June 21, 1987 vs. Texas. Now see talking of not having a good memory, I can't 100% vouch for that I went to this game but it was the second game of a double header and I have an early baseball memory of being at a double header against the Rangers with the A's getting blown out so odds are it was this game. A's lost 13-3 and some guy named Bob Brower for the Rangers hit two homeruns. Ron Cey DH'd for the A's that day. God I feel old.
June 30, 1997 vs. San Diego. The A's hit rock bottom as a franchise in 1997 and this game was pretty much how the season went. The Padres scored seven runs in the 2nd inning, featuring two three-run homeruns by Wally Joyner and Tony Gwynn off starter Don Wengert. He was replaced by Dan Johnson who I thought was good at the time because he had a 2.08 ERA. Not really grasping the idea of sample sizes at that point, he'd only pitched 13 innings so far that season, I would be very dissapointed as he would give up six runs of his own including a two run homerun to Greg Vaughn in the 4th. It was 11-3 at the end of the 4th, 15-5 at the end of the 6th, with the Padres clinging to a 15-6 win.

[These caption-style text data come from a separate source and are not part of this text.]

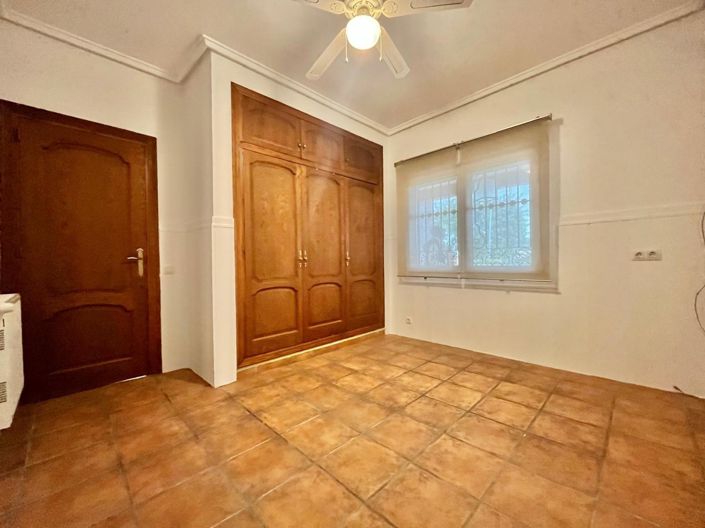 Image No.30-3 Bed Villa for sale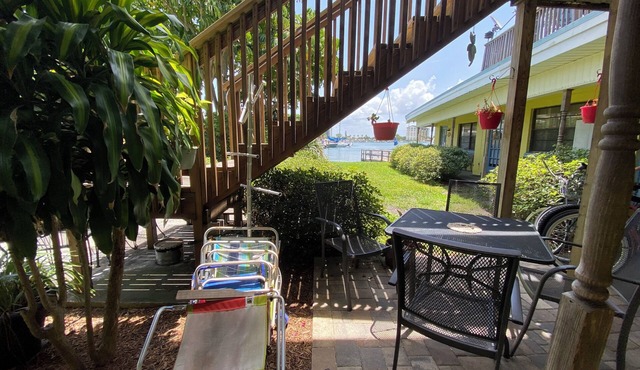 Quaint 1 bedroom with a great view! Walking distance to everything!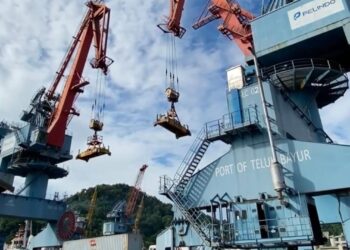 Pelindo Regional 2 Teluk Bayur Lakukan Elektrifikasi Alat,Wujudkan Green Port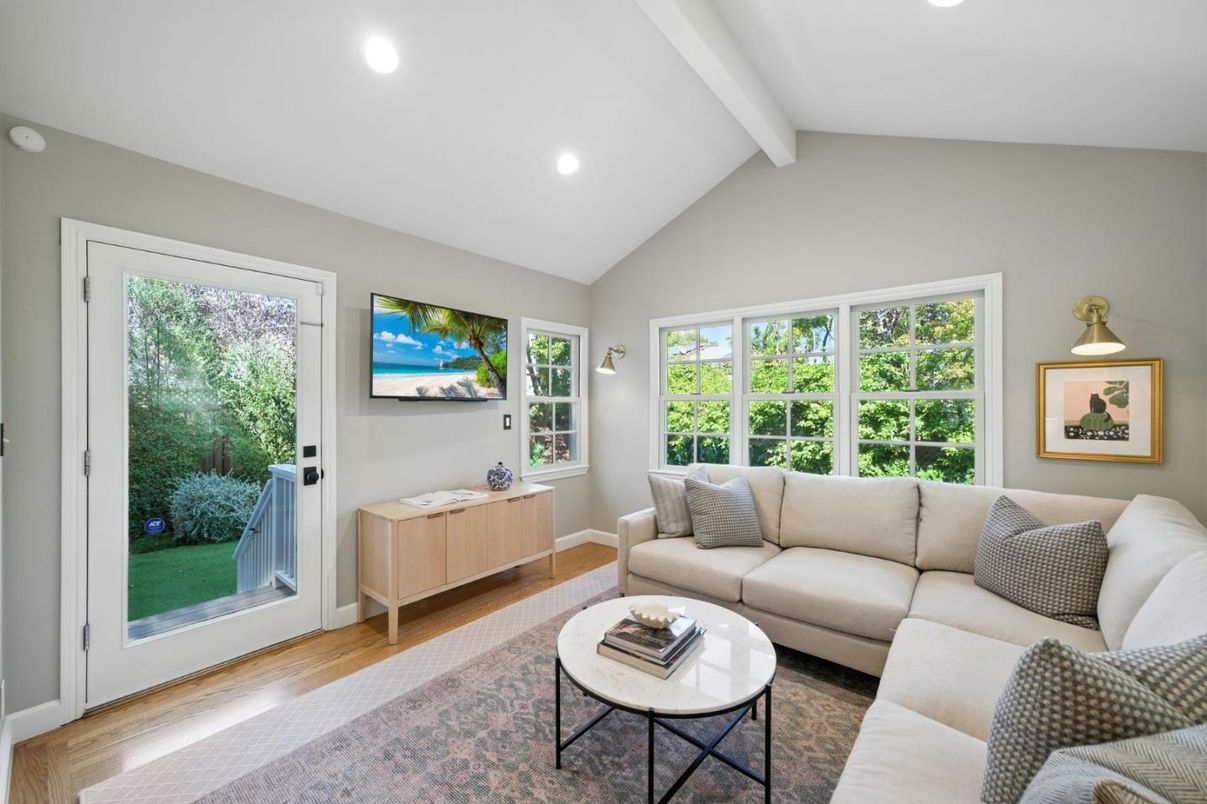 Interior, Living room, Recessed Lighting, Wood Texture Flooring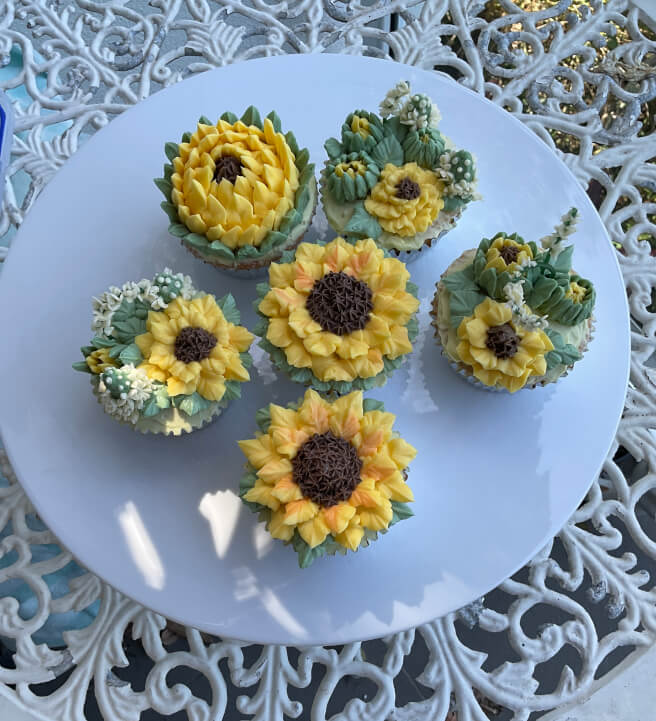 Buttercream Cupcake Decorating Class: Sunflowers
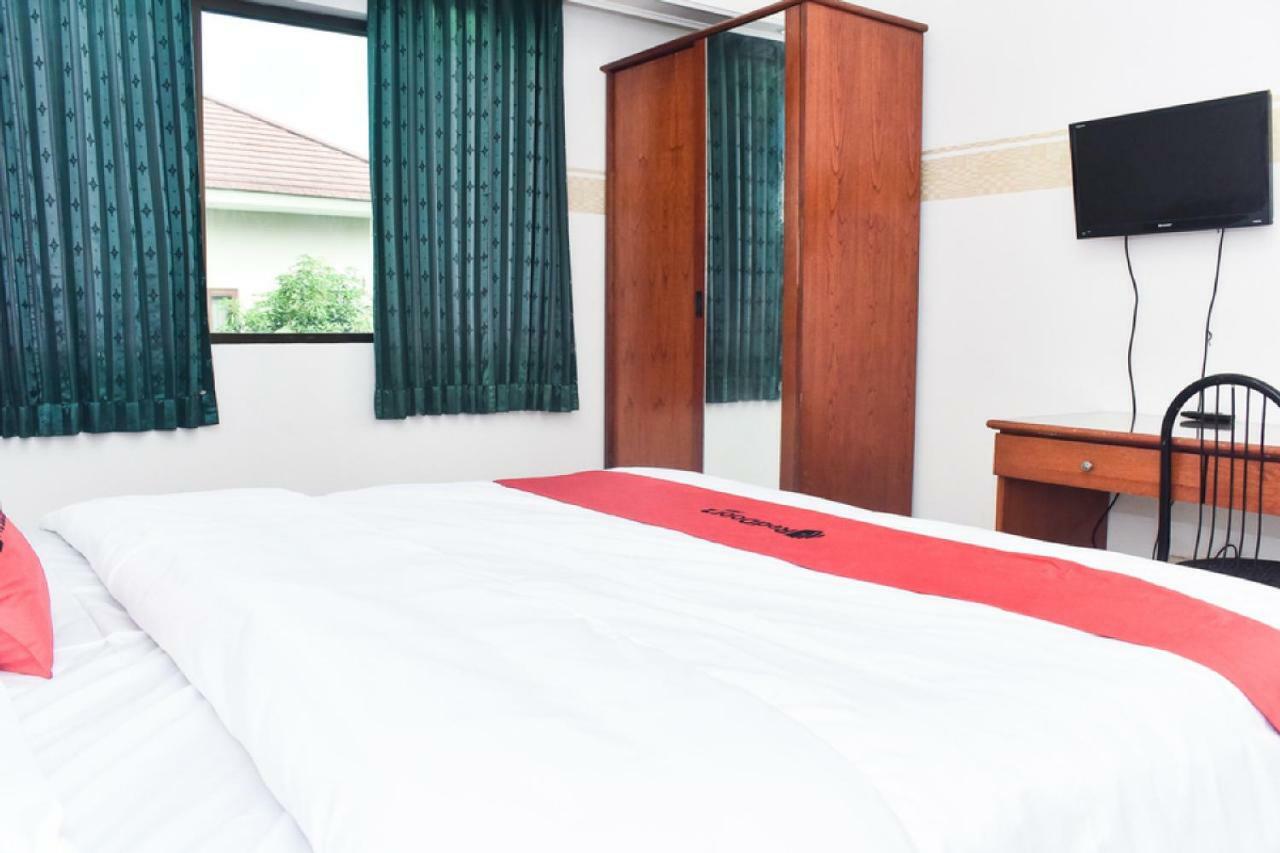 Reddoorz Near Lenmarc Mall Surabaya Pradahkalikendal Exterior photo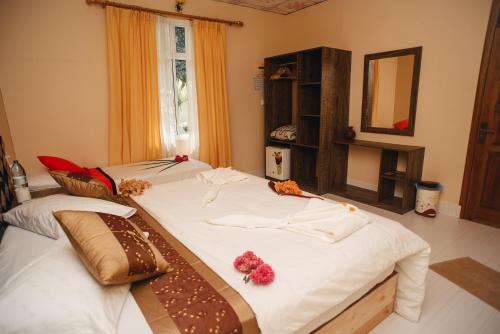 Un dormitorio con una cama con flores. en Summer Vibes Beach Front, en Rasdu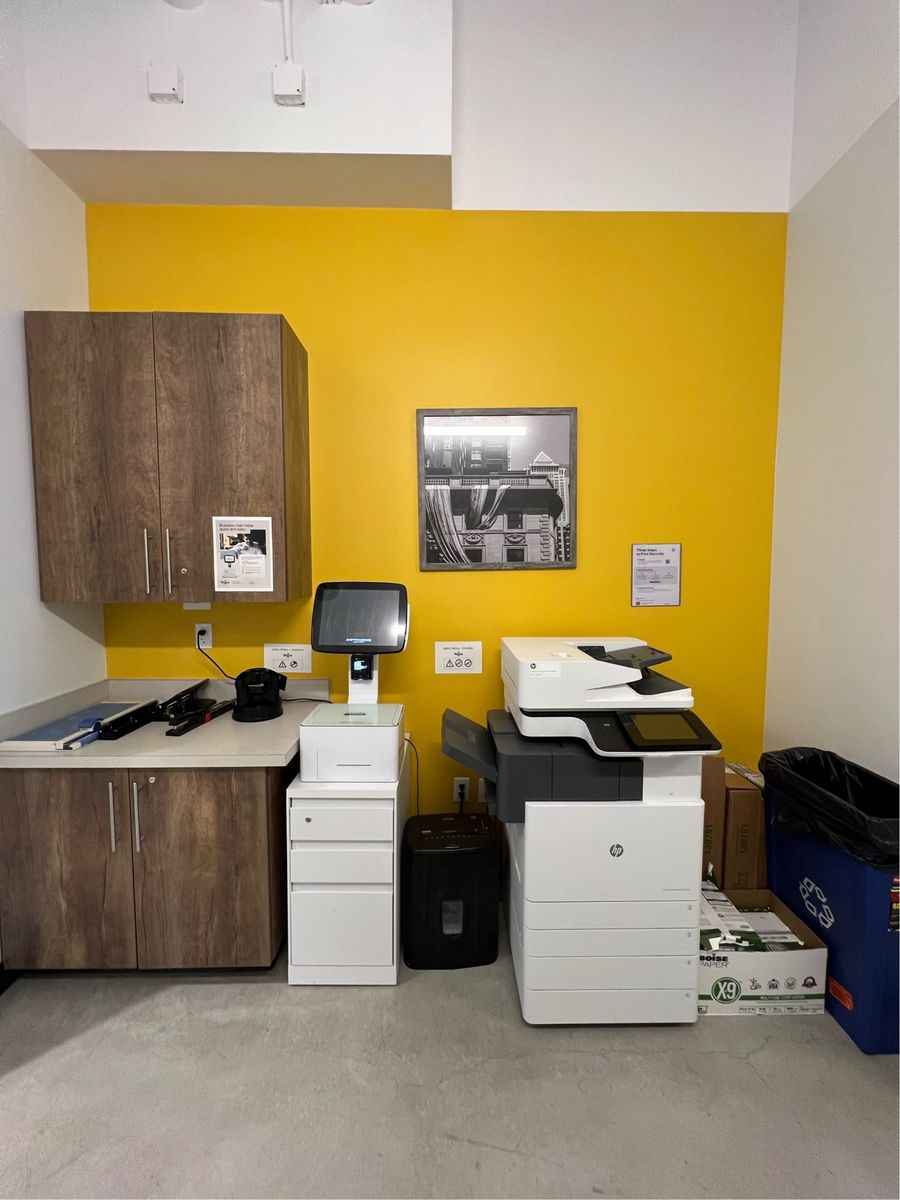 Main image 7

October 1, 2004 vs. Anaheim. This was an awful game and it was a heartbreaker. It was the first game of the final series of the year and the A's were one game out of first place behind the Angels. Mark Mulder made the start despite having a horrific last two months of the season and clearly needed to be skipped in the rotation for rookie Joe Blanton. Mulder would get hooked after surrendering four runs in the 2nd. Blanton would shadow him and kept the A's in it until the 6th when the Angels figured him out and Alfredo Amezaga (who hit .161/.212/.247 in 93 at bats that year) hit a grand slam to make it 8-0, eventually skunking the A's 10-0. And it was my birthday. Angels clinched the division the next day.